As best illustrated in FIG. 5, the upper support strap 40 extends vertically upwardly and generally parallel to the side portion 38 of the container 14, and includes a free end portion 44. Cooperating strips of VELCRO hooks 46 and loops 48 are provided on the same side 50 of the support strap 40.
The lower support strap 42 extends downwardly in a direction generally opposite to the support strap 40, and at an angle θ of preferably about 30°-60°. The lower support strap 42 includes footwear engaging or anchoring members 52 and 54, and a free end portion 56. The anchoring member 52 is generally triangular in shape with its apex portion 58 facing the wider belt section 22, and the base portion 60 disposed away therefrom. The anchoring member 54 is generally round in configuration with a portion 62 overlapping with the base 60 of the anchoring member 52. The anchoring members 52 and 54 of the lower support strap 42 directly and positively engage the right skate RS for snugly supporting it on the waist of the user U (FIGS. 1-3).

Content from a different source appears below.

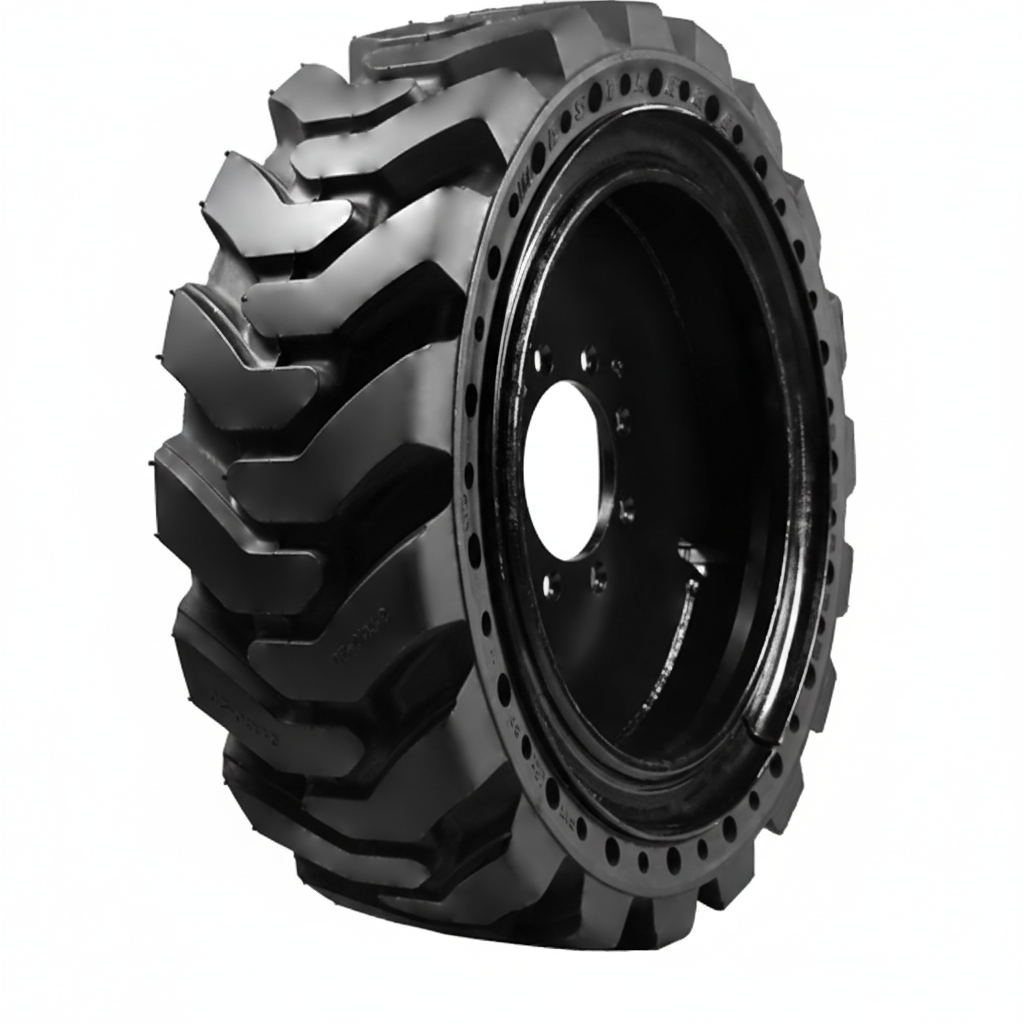Westlake solid skid steer tire puncture proof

The free end portion 56 of the lower support strap 42 includes a male latch 64 that cooperates with a female latch 66 anchored on the container 14 (FIG. 4). The round anchoring member 54 includes a loop member 67 to allow the upper support strap 40 to be threaded therethrough for further pulling and supporting the right skate RS on the waist pack WP and about the waist of the user (FIG. 3). The right waist strap 12, together with the upper and lower support straps 40 and 42, forms the right skate carrier assembly RSCA which is identical in structure and configuration to the left skate carrier assembly LSCA.

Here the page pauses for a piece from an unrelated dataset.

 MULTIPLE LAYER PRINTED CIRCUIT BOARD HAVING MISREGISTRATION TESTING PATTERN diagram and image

As best shown in FIG. 4, the left skate carrier assembly LSCA also includes upper and lower support straps 68 and 70, respectively. The upper support strap 68 includes a free end portion 72 with strips of VELCRO hooks and loops 74 and 76 provided on the side 78. A generally triangular footwear anchoring member 80 and a generally round anchoring member 82, are connected to the lower support strap 70. The apex portion 84 of the anchoring member 80 is adjacent the wider belt section 18 and the base 86 thereof lies away therefrom. The round anchoring member 82 includes a section 88 that overlaps with the base 86 of the footwear anchoring member 80. A male latch member 90 is provided at the free end portion 92 of the lower support strap 70. The male latch member 90 cooperates with a corresponding female latch member 94 on the container 14. A loop member 96 is provided on the round anchoring member 82 to allow the upper support strap 68 to be threaded therethrough for supporting the left skate LS on the waist of the user U (FIGS. 2-3). It is noted that the lower support strap 70 extends in a direction generally opposite to the upper support strap 68 and at an angle θ, similar to the structure and construction of the right skates carrier assembly RSCA.

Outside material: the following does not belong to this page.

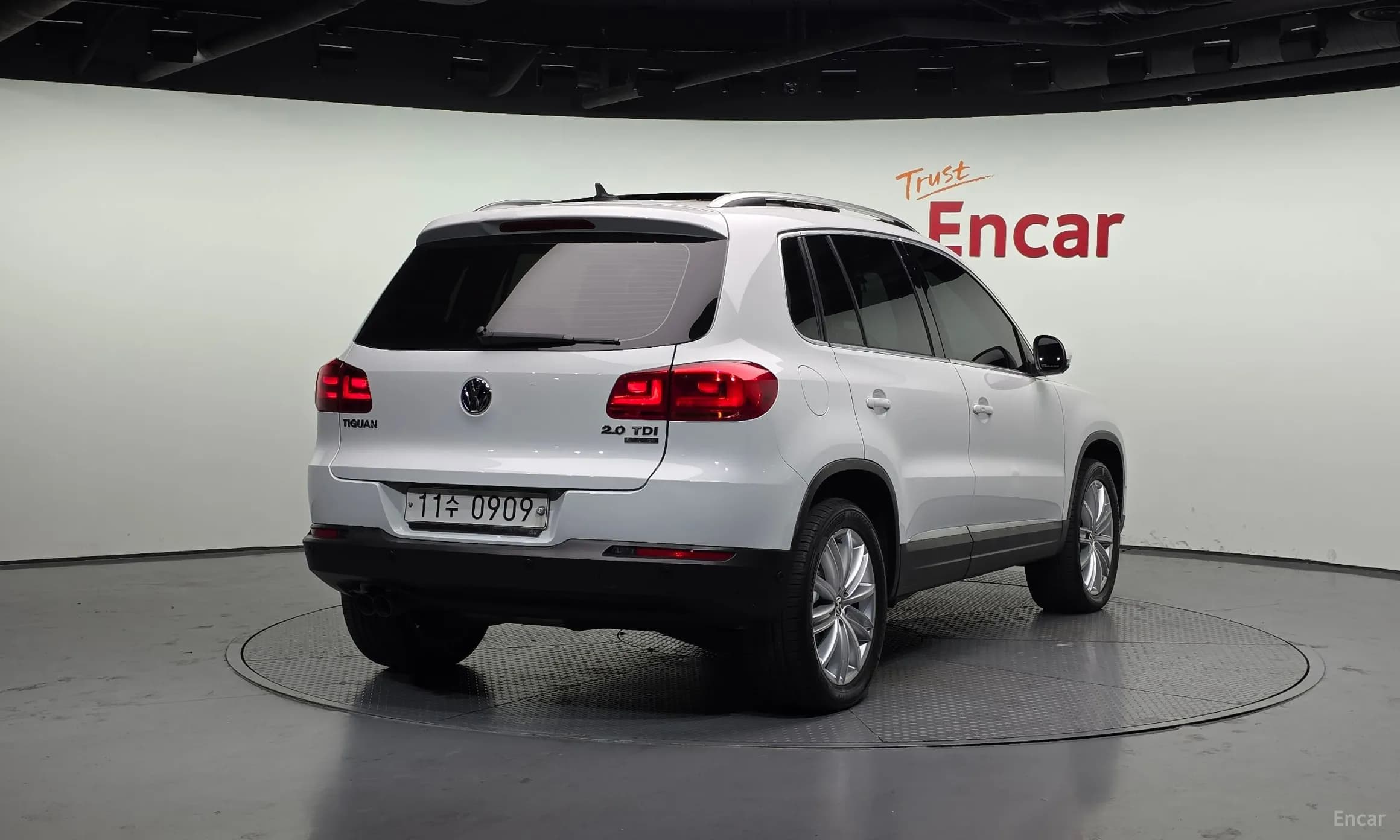 New Tiguan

A shoulder strap 98 is anchored on the container 14 by releasable latches 100 and 102 cooperating with loops 104 and 106, respectively.
The use of the waist pack WP will now be described. In particular, the anchoring of the right skate RS by manipulating the right carrier assembly RSCA is described, keeping in mind that the anchoring of the left skate LS by the left carrier assembly LSCA would be similar.
As noted above, the user U, upon completion of a skating activity, would desire to switch to regular shoes being carried in the shoe container 14, and carry the left and right skates LS and RS, by the waist pack WP of the invention. At this time, the user U would be wearing the waist pack WP of the invention, about his or her waist by having previously adjusted the left and right waist straps 10 and 12, and interlocking them in the front by connecting the male and female latches 26 and 24, respectively.
In order to carry the right skate RS, the user would position the right skate RS over the wider belt section 22 in a manner that the toe portion T of the skate faces vertically downwardly and the cuff portion C thereof points towards the front of the user (see arrows D and F in FIG. 1). The lower support strap 42 is then wrapped around the upper UP of the right skate RS, until the free end portion 56 comes up and adjacent to the female latch 66 on the container 14. The male latch 64 on the lower support strap 42 is then interconnected with the female latch 66. It is noted that the length of the lower support strap 42 (FIG. 5), can be easily adjusted by manipulating the associated buckle 108 to accommodate various size skates.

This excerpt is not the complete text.